State Sen. Scott Wiener used the occasion to call for a number of values he said King stood for like “racial justice, protecting our planet’s environment, expanding access to housing (and) lifting people out of poverty.”

“Dr. King’s dream is still a dream in many respects. Let’s work to make it reality,” he tweeted.

Kamala Harris, the first Black woman to serve as U.S. vice president, released a video that called King a prophet who “saw the future as it could be.”

“Dr.
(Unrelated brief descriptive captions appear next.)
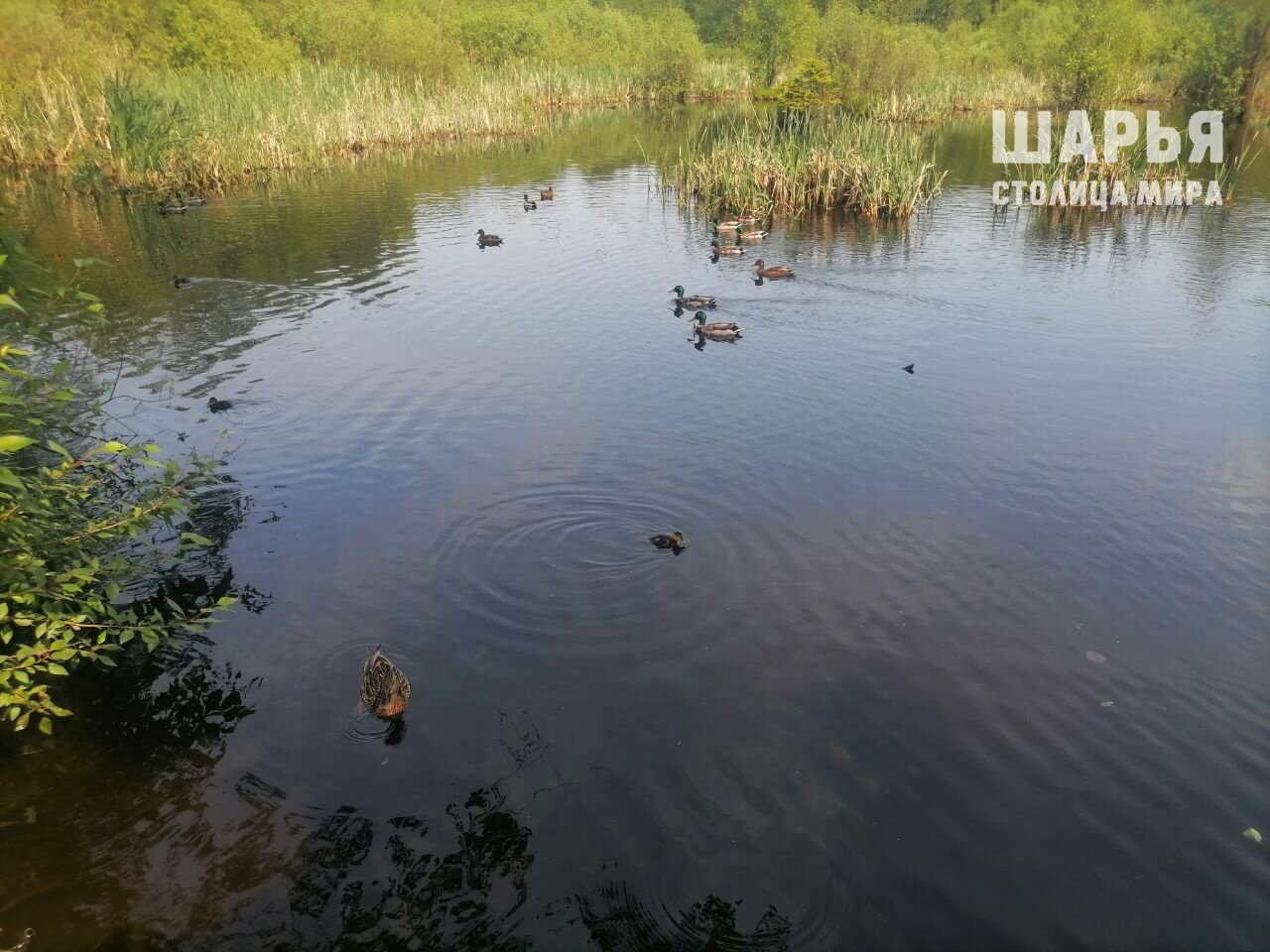Многодетные семьи обосновались на пруду в костромском райцентре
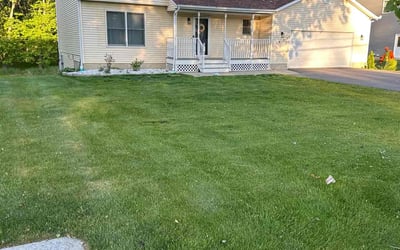 best lawn care service in San Antonio photo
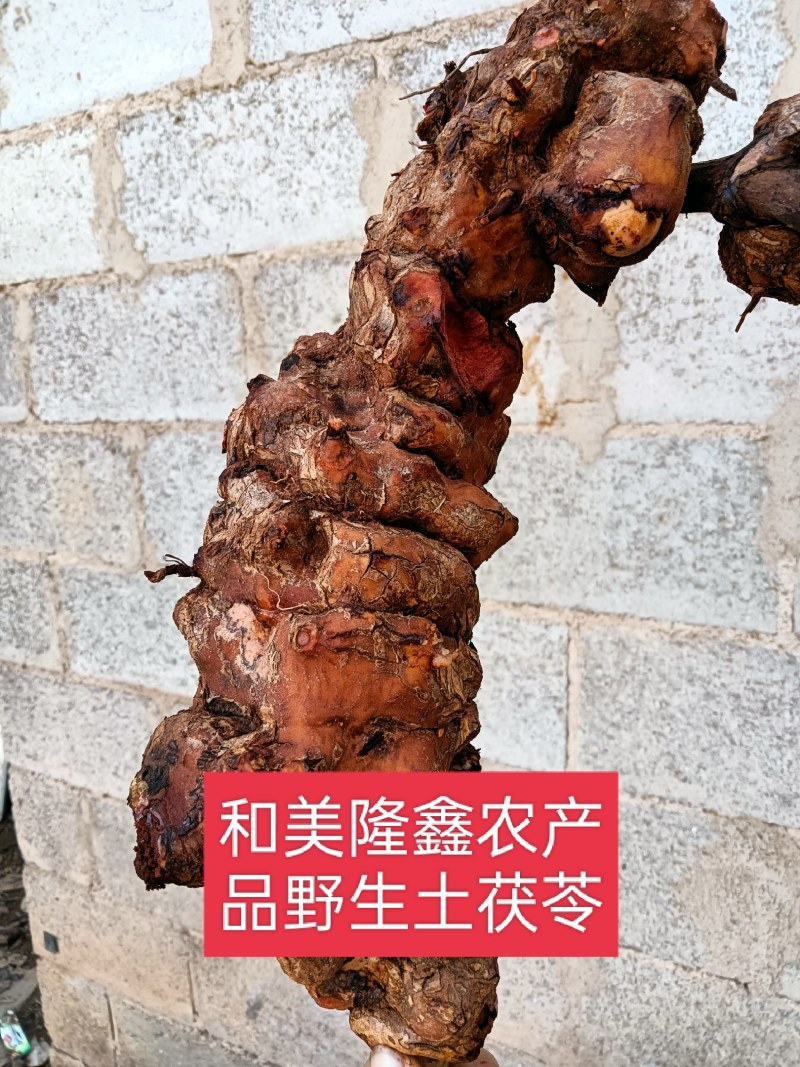 正宗云南红肉野生土茯苓货真价实野生土茯苓原生态中药材鲜货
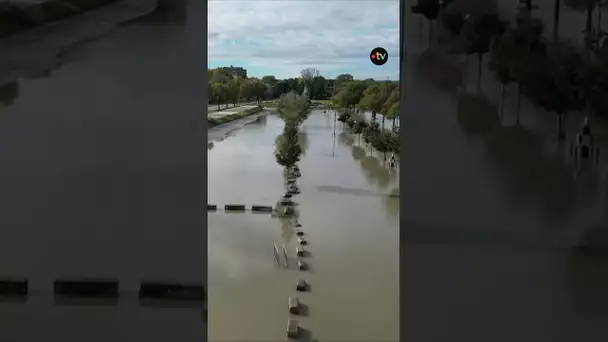 Vigilance Crues inondations dans le Vaucluse : le Rhône a amorcé sa décrue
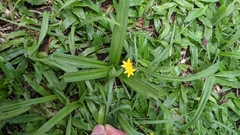 Hypoxis decumbens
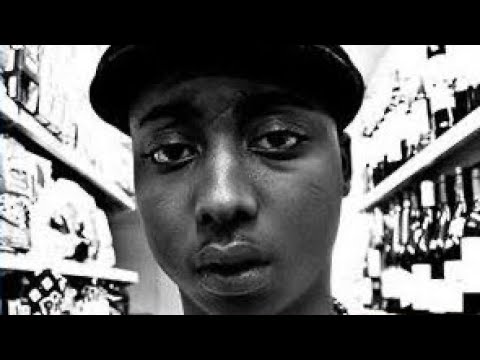 Guizmo Demi Portion, Fababy, LECK, L'institut, S.Pri Noir, Still Fresh, Hayce Lemsi...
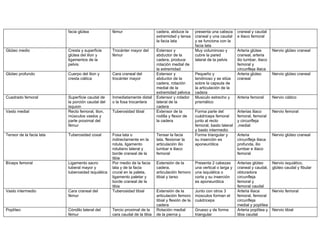 facia glútea             fémur                     cadera, abduce la        presenta una cabeza      craneal y caudal
                                                                             extremidad y tensa       craneal y una caudal     e iliaco femoral
                                                                             la facia lata            y se funciona con la
                                                                                                      facia lata
Glúteo medio              Cresta y superficie      Trocánter mayor del       Extensor y               Muy voluminoso y         Arteria glútea        Nervio glúteo craneal
                          glútea del ilion y       fémur                     abductor de la           cubre la pared           craneal, arteria
                          ligamentos de la                                   cadera, produce          lateral de la pelvis     ilio lumbar, iliaco
                          pelvis                                             rotación medial de                                femoral y
                                                                             la extremidad                                     circunfleja iliaca
Glúteo profundo           Cuerpo del ilion y       Cara craneal del          Extensor y               Pequeño y                Arteria glúteo        Nervio glúteo craneal
                          cresta ciática           trocánter mayor           abductor de la           tendinoso y se sitúa     craneal
                                                                             cadera, rotación         sobre la capsula de
                                                                             medial de la             la articulación de la
                                                                             extremidad pélvica       cadera
Cuadrado femoral          Superficie caudal de     Inmediatamente distal     Extensor y rotador       Musculo estrecho y       Arteria femoral       Nervio ciático
                          la porción caudal del    o la fosa trocantera      lateral de la            prismático
                          isquion                                            cadera
Vasto medial              Recto femoral, ilion,    Tuberosidad tibial        Extensor de la           Forma parte del          Arterias iliaco       Nervio femoral
                          músculos vastos y                                  rodilla y flexor de      cuádriceps femoral       femoral, femoral
                          parte proximal del                                 la cadera                junto al recto           y circunfleja
                          fémur                                                                       femoral, basto lateral   ,medial
                                                                                                      y basto intermedio
Tensor de la facia lata   Tuberosidad coxal        Fosa lata o               Tensar la facia          Forma triangular y       Arteria               Nervio glúteo craneal
                                                   indirectamente en la      lata, flexionar la       su inserción es          circunfleja iliaca
                                                   rotula, ligamento         articulación ilio        aponeurótica             profunda, ilio
                                                   rotuliano lateral y       lumbar e iliaco                                   lumbar e iliaco
                                                   borde craneal de la       femoral                                           femoral
                                                   tibia
Bíceps femoral            Ligamento sacro          Por medio de la facia     Extensión de la          Presenta 2 cabezas       Arterias glúteo       Nervio isquiático,
                          tuberal mayor y          lata y de la facia        cadera,                  una vertical o larga y   craneal y caudal,     glúteo caudal y fibular
                          tuberosidad isquiática   crural en la paleta,      articulación femoro      una isquiática o         obturadora
                                                   ligamento paletar y       tibial y tarso           corta y su inserción     circunfleja
                                                   borde craneal de la                                es aponeurótica          femoral y
                                                   tibia                                                                       femoral caudal
Vasto intermedio          Cara craneal del         Tuberosidad tibial        Extensión de la          Junto con otros 3        Arteria iliaca        Nervio femoral
                          fémur                                              articulación femoro      músculos forman el       femoral, femoral
                                                                             tibial y flexión de la   cuádriceps               circunfleja
                                                                             cadera                                            medial y poplítea
Poplíteo                  Cóndilo lateral del      Tercio proximal de la     Rotación medial          Grueso y de forma        Arteria poplítea y    Nervio tibial
                          fémur                    cara caudal de la tibia   de la pierna y           triangular               tibia caudal
 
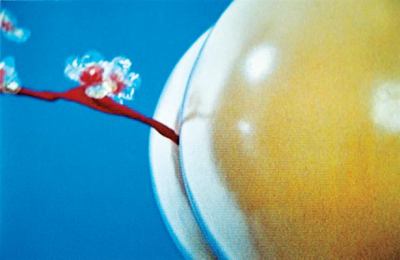 Sturtevant Eleey Peter 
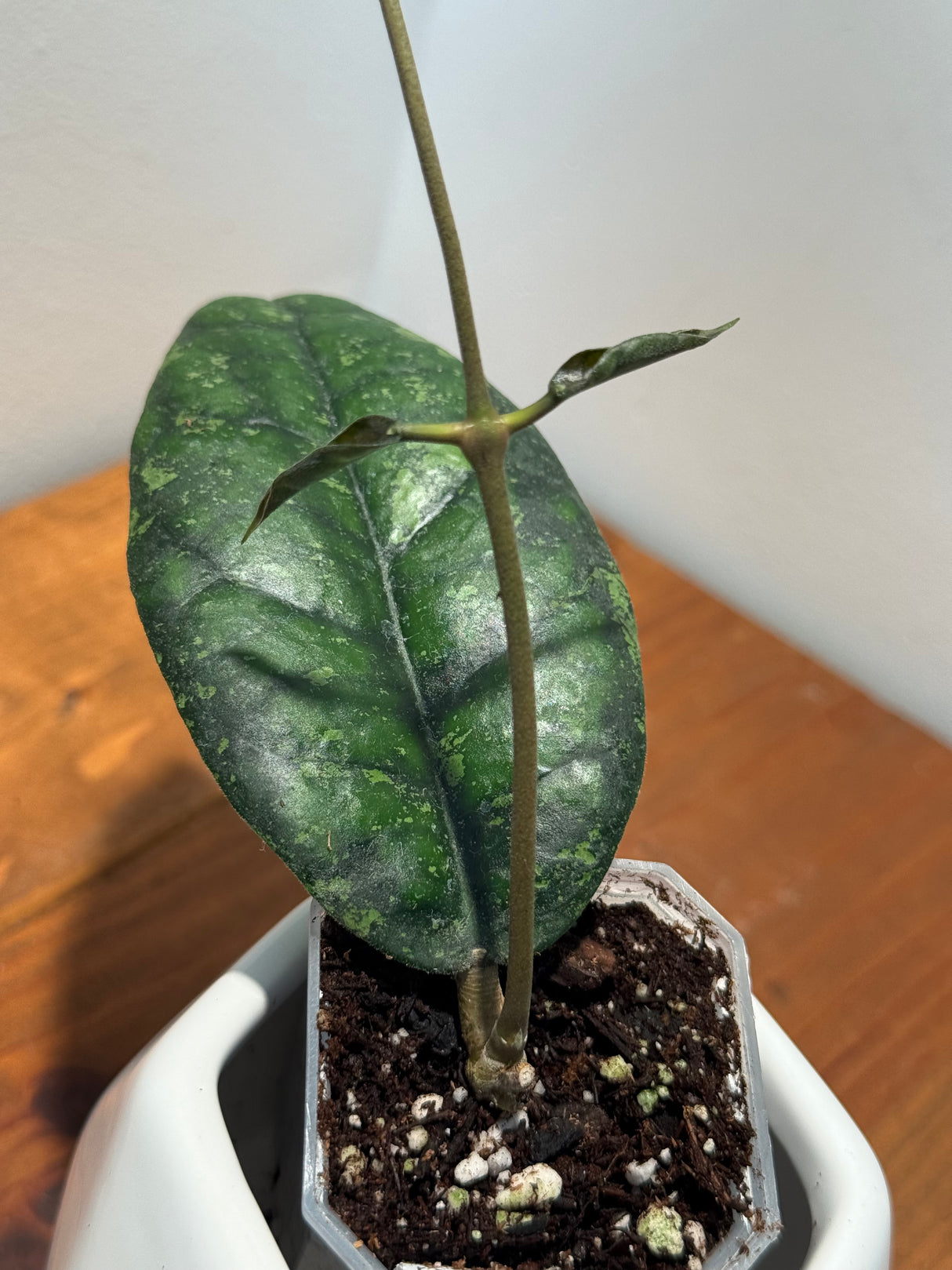 C-316 K11 NAPCa callistophylla x Forbesii (Tabalong)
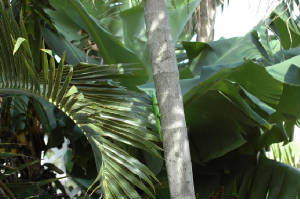 g5/89g5.jpg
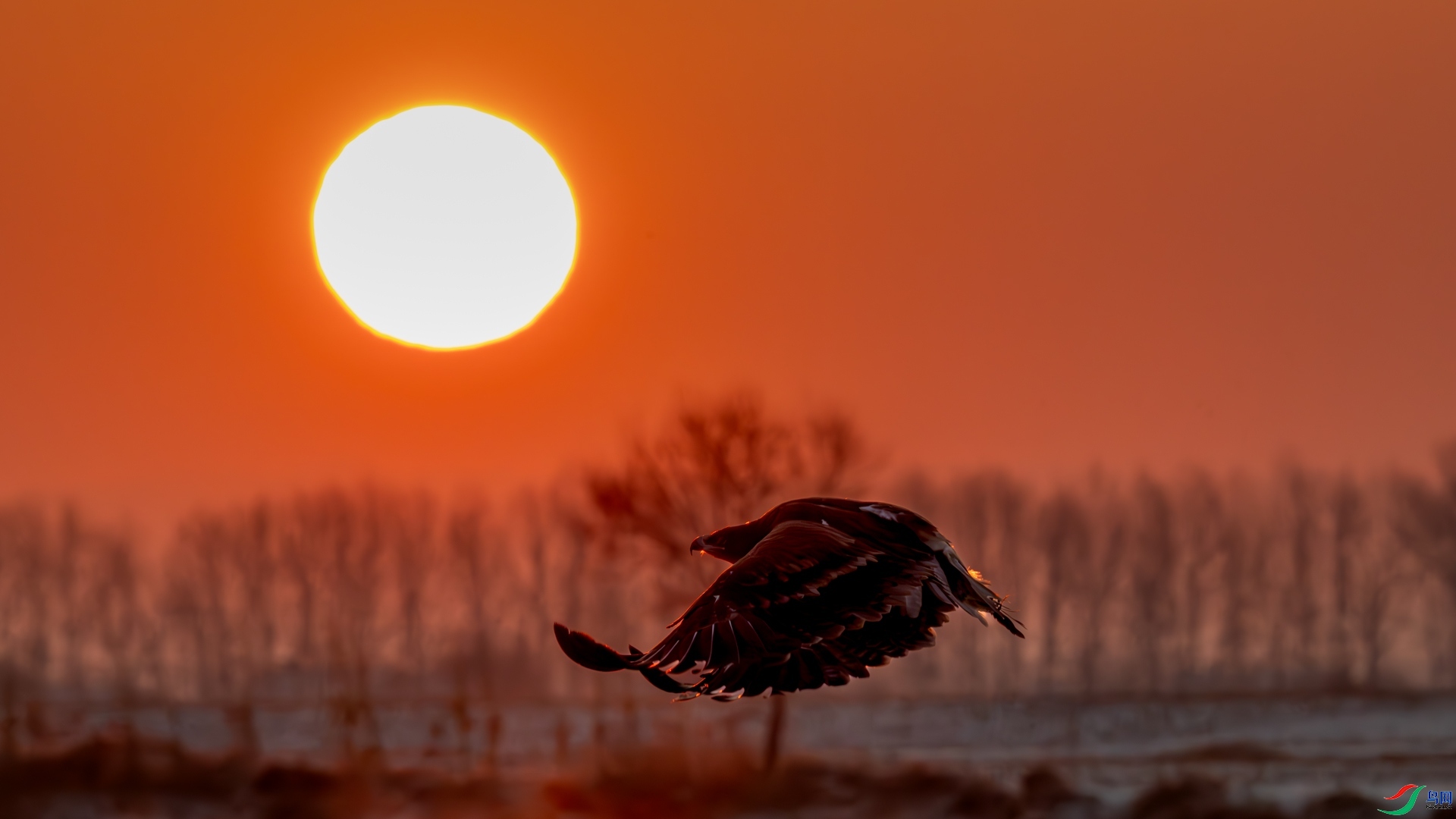 3.12 ������@��ʦ��Ʒ  ��ԭ��  �ٻ�2026��3��12����Ӱʦ��ҳ����.jpg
King saw the connection between racial injustice and economic injustice and he knew that to effectively address either injustice, our nation would have to address both,” she said.

Over the course of his cross-country travels fighting for civil rights from the 1950s to the ensuing decade, King made a number of notable speeches and appearances in the Bay Area—including the 1956 NAACP convention in San Francisco.

King also made an appearance in 1965 at the historic Grace Cathedral soon after the house of worship was completed and consecrated. He spoke to a crowd of around 5,000 three days after leading the third and final Selma to Montgomery March in Alabama to protest racial segregation and promote voting rights.

“We will never realize the American Dream until we can remove this terrible cancer from the body politic,” King said in his speech. “This, after all, is what the whole struggle is about. It is not just a lot of noise and needless marching, but it is at bottom a struggle to establish a reign of justice.”

King’s last major public address in the Bay Area took place in May 1967 before a crowd of thousands in Sproul Plaza at UC Berkeley, a hub of civil rights activism that he said helped galvanize the movement. 

In that speech, he called for a “revolution of values,” criticized the Vietnam War and described economic equality and wealth redistribution as pivotal in the broader fight for racial justice.

A few months before his assassination and a day prior to his birthday, King visited Pleasanton’s old Santa Rita Jail to meet with anti-draft demonstrators, including folk singer Joan Baez and her mother, Ira Sandperl.

“You know when you go to jail for a righteous cause, you can accept the inconveniences of jail with a kind of inner sense of calm and an inner sense of peace,” said King in a speech outside the facility. His influential “Letter from Birmingham Jail” is credited from inspiring generations of civil rights activists.